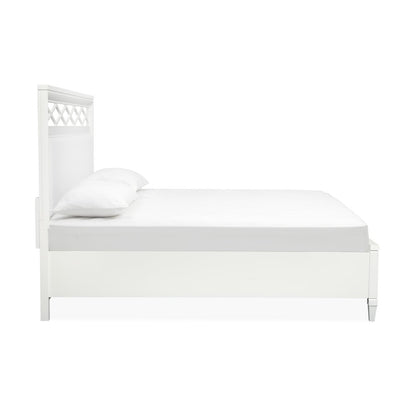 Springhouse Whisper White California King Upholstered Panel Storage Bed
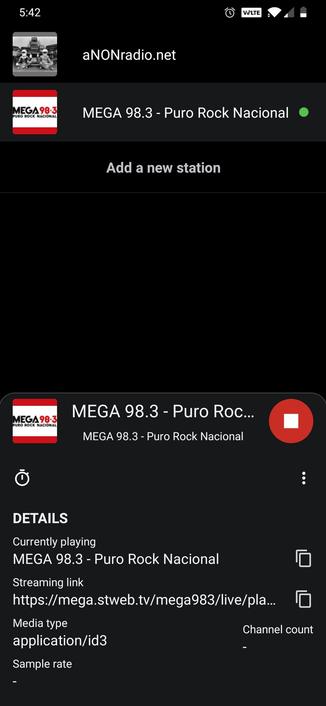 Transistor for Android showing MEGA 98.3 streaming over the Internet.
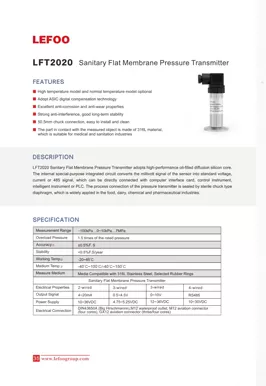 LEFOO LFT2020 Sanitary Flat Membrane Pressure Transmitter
+++
In the copy you return, include exactly the lines from the one containing "Transistor for Android" through the final line of the listing, and no pictures.

 Transistor for Android showing MEGA 98.3 streaming over the Internet.
 LEFOO LFT2020 Sanitary Flat Membrane Pressure Transmitter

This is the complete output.